In the records below, the relevant part opens with the line containing "A concussion is" and closes with the line containing "Пациентка пластического хирурга"; print that part exactly and only, without its pictures.

*** RECORDED DATA ***

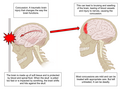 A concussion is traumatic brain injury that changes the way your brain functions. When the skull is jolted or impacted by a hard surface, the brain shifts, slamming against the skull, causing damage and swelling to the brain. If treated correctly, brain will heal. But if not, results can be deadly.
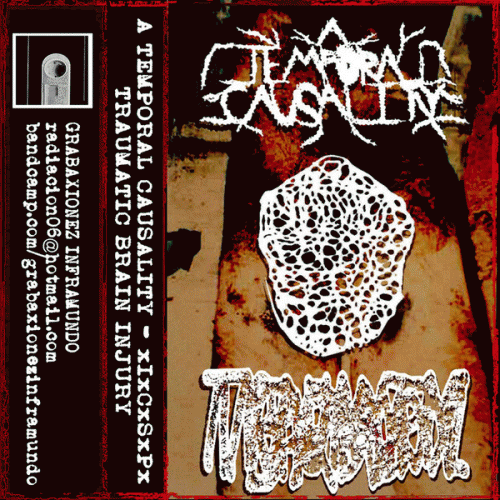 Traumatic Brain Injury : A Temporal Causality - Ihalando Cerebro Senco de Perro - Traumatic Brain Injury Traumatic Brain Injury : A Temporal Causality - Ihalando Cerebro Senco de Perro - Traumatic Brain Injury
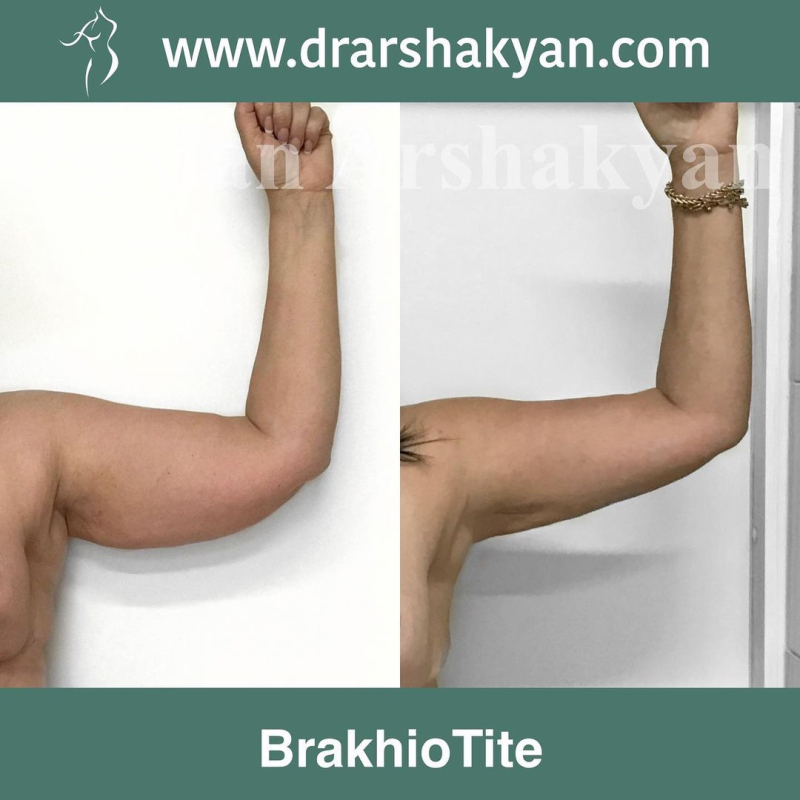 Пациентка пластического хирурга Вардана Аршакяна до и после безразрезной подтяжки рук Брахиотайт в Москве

*** End of RECORDED DATA ***
*** RECORDED DATA ***

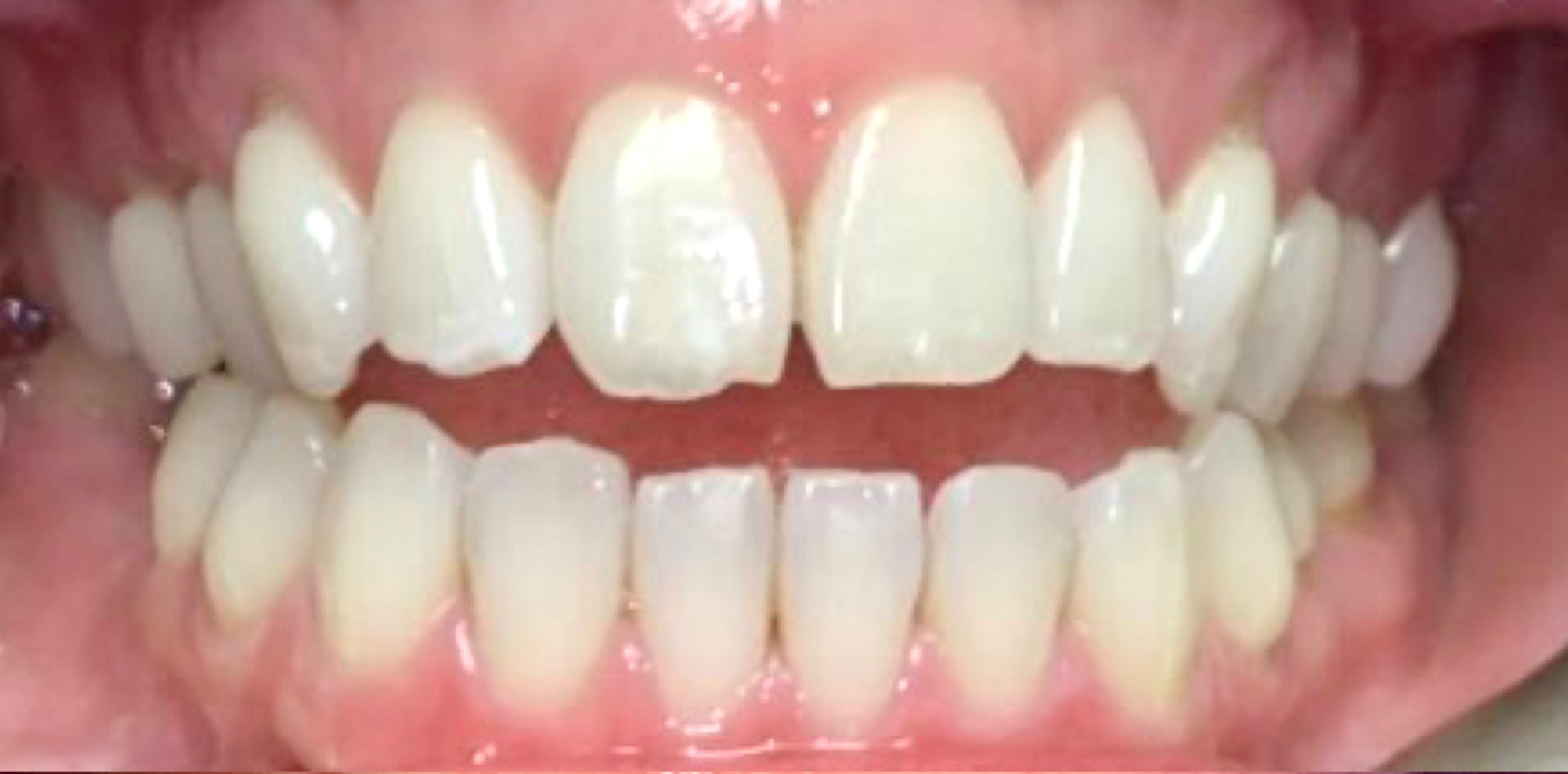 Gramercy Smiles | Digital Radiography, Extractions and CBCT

*** End of RECORDED DATA ***
*** RECORDED DATA ***

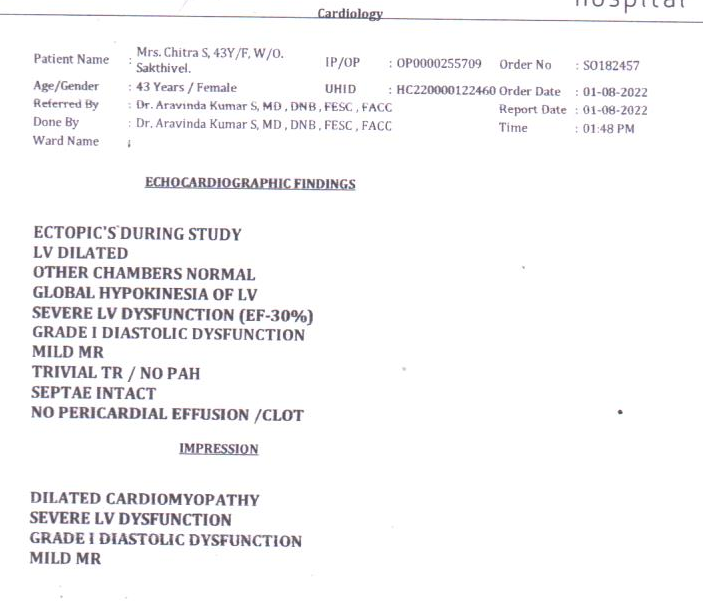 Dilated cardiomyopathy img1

*** End of RECORDED DATA ***

• [SOLUTION FOR THIS EXERCISE]:
 A concussion is traumatic brain injury that changes the way your brain functions. When the skull is jolted or impacted by a hard surface, the brain shifts, slamming against the skull, causing damage and swelling to the brain. If treated correctly, brain will heal. But if not, results can be deadly.
 Traumatic Brain Injury : A Temporal Causality - Ihalando Cerebro Senco de Perro - Traumatic Brain Injury Traumatic Brain Injury : A Temporal Causality - Ihalando Cerebro Senco de Perro - Traumatic Brain Injury
 Пациентка пластического хирурга Вардана Аршакяна до и после безразрезной подтяжки рук Брахиотайт в Москве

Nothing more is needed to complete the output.